───── DATASET
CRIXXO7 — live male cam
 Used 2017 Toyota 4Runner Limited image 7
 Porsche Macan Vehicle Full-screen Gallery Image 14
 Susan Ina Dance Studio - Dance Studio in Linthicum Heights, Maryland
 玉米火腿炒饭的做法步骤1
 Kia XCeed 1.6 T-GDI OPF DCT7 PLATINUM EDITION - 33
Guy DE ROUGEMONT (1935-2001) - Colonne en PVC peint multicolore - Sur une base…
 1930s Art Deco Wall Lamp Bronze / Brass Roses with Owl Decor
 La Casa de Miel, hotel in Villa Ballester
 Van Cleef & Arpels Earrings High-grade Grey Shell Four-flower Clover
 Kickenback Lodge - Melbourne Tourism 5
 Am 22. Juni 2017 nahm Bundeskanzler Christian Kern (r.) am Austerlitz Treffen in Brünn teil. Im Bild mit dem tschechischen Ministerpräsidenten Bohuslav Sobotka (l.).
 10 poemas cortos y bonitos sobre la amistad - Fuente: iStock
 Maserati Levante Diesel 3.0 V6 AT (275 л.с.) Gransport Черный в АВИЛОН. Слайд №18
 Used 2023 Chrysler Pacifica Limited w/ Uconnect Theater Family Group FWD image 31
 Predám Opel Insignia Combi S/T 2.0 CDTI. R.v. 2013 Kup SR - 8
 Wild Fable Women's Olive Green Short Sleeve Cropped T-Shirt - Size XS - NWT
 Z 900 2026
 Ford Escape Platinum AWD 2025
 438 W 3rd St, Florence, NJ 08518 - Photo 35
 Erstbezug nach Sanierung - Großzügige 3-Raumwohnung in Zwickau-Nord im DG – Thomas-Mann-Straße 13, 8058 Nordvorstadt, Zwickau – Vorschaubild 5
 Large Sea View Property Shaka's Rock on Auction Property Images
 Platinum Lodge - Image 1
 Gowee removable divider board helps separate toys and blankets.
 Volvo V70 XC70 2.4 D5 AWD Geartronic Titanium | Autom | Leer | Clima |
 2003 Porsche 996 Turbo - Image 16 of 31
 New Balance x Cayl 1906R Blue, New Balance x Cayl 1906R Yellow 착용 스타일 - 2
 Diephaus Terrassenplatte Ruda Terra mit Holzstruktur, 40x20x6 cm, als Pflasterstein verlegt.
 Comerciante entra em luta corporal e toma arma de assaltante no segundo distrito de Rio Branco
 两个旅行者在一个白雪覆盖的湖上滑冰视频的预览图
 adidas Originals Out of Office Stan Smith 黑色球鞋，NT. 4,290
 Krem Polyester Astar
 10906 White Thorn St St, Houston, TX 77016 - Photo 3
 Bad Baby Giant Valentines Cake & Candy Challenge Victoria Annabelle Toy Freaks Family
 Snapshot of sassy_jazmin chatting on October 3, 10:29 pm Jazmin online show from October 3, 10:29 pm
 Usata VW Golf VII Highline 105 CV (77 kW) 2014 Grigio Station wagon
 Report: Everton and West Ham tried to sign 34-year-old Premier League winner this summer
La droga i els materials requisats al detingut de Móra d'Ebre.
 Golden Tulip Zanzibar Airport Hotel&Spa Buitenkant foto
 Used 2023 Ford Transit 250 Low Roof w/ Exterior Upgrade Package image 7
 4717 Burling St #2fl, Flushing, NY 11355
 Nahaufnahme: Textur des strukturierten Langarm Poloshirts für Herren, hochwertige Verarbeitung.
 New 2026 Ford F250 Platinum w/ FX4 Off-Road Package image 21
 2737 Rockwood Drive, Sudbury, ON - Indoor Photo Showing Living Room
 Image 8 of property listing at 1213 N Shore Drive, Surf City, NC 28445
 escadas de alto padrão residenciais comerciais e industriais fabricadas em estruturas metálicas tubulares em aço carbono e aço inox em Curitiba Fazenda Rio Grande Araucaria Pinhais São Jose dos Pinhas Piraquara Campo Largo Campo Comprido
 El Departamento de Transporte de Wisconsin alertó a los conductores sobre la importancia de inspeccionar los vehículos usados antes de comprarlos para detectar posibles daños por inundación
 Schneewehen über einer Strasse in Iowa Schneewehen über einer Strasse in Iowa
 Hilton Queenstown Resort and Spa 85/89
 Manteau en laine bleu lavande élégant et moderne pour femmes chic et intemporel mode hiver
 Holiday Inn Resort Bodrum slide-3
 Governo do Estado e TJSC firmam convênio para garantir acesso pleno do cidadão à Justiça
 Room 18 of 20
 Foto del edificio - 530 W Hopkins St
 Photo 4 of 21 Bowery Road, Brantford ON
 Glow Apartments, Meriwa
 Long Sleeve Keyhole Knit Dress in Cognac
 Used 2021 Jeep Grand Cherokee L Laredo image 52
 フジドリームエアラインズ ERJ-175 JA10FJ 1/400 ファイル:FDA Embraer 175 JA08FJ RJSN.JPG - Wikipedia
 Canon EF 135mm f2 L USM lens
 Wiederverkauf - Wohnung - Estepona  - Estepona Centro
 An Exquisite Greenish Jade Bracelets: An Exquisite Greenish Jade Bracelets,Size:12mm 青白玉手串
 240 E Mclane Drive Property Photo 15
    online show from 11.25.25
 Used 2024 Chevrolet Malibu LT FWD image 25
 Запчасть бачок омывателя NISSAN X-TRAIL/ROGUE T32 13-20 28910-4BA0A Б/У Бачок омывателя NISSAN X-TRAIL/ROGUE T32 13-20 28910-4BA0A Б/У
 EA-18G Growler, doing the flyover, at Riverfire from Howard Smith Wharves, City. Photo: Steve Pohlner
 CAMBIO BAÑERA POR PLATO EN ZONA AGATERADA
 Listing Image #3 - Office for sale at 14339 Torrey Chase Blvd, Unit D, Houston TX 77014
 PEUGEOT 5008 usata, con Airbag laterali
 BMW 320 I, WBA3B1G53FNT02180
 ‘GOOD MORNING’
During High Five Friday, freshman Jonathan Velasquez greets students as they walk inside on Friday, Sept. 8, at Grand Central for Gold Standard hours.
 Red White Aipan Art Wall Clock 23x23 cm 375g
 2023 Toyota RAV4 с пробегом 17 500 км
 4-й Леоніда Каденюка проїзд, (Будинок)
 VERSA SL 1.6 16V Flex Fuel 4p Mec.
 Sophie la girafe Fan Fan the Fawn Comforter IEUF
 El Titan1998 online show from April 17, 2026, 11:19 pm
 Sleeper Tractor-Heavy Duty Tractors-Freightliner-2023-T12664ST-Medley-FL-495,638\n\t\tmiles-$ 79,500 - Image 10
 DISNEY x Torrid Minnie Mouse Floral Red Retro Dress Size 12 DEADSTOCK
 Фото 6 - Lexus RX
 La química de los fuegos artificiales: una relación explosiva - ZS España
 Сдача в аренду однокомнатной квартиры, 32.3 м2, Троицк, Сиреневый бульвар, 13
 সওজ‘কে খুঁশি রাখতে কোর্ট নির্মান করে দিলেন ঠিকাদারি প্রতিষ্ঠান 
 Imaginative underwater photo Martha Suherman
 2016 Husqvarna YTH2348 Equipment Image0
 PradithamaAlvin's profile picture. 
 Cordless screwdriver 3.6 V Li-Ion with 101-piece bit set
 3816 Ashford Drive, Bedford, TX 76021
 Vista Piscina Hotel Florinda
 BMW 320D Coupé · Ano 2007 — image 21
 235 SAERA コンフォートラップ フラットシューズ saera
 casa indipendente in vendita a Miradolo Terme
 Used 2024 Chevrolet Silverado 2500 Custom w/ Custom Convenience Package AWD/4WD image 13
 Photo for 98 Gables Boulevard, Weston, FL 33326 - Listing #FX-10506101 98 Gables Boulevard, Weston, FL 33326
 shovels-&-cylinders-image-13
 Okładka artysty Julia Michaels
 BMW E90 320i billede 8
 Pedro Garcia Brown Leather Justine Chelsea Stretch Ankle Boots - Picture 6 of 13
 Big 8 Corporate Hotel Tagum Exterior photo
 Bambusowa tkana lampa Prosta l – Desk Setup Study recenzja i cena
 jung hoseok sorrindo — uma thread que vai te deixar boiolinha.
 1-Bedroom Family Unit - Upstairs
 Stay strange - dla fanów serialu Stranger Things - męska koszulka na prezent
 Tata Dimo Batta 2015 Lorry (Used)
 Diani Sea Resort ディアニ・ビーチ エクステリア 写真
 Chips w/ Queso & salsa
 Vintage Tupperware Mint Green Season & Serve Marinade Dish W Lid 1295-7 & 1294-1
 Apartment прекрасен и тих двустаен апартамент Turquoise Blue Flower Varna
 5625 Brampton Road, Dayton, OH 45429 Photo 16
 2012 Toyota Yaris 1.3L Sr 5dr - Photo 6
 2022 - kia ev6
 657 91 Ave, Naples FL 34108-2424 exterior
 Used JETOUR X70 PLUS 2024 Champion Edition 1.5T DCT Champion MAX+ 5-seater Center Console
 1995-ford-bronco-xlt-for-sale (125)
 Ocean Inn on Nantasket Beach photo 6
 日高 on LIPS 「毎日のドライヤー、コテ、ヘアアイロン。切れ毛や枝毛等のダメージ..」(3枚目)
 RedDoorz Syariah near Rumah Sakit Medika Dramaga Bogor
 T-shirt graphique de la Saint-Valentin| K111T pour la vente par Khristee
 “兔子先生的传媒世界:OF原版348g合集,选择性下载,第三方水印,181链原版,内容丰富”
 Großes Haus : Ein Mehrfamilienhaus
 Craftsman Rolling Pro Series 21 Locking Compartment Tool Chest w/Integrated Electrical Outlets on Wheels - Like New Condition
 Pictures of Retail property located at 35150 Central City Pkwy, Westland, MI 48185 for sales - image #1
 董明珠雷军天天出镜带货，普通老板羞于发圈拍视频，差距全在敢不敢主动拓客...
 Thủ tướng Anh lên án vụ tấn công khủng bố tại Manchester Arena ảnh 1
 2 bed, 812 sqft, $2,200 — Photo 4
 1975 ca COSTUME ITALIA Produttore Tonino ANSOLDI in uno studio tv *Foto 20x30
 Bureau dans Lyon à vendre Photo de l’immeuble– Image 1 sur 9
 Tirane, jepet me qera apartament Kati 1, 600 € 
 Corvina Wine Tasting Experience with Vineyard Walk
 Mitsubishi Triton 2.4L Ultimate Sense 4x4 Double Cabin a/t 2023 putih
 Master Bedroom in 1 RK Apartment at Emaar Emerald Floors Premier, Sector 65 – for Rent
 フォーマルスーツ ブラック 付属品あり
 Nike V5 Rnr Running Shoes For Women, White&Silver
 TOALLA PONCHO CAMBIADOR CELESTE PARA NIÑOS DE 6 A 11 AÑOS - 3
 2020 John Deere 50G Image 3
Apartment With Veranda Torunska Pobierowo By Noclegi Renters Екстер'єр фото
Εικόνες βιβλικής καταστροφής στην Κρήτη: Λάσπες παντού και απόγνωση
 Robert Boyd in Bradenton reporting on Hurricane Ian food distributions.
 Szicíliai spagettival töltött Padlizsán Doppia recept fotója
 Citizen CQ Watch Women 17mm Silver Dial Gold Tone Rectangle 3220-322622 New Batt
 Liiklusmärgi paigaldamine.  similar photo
──────────
- TASK TO COMPLETE -
Find the line with "Bambusowa tkana lampa" in the material above. Reproduce it and each line after it up to and including the line with "Chips w/ Queso & salsa".

- ANSWER -
 Bambusowa tkana lampa Prosta l – Desk Setup Study recenzja i cena
 jung hoseok sorrindo — uma thread que vai te deixar boiolinha.
 1-Bedroom Family Unit - Upstairs
 Stay strange - dla fanów serialu Stranger Things - męska koszulka na prezent
 Tata Dimo Batta 2015 Lorry (Used)
 Diani Sea Resort ディアニ・ビーチ エクステリア 写真
 Chips w/ Queso & salsa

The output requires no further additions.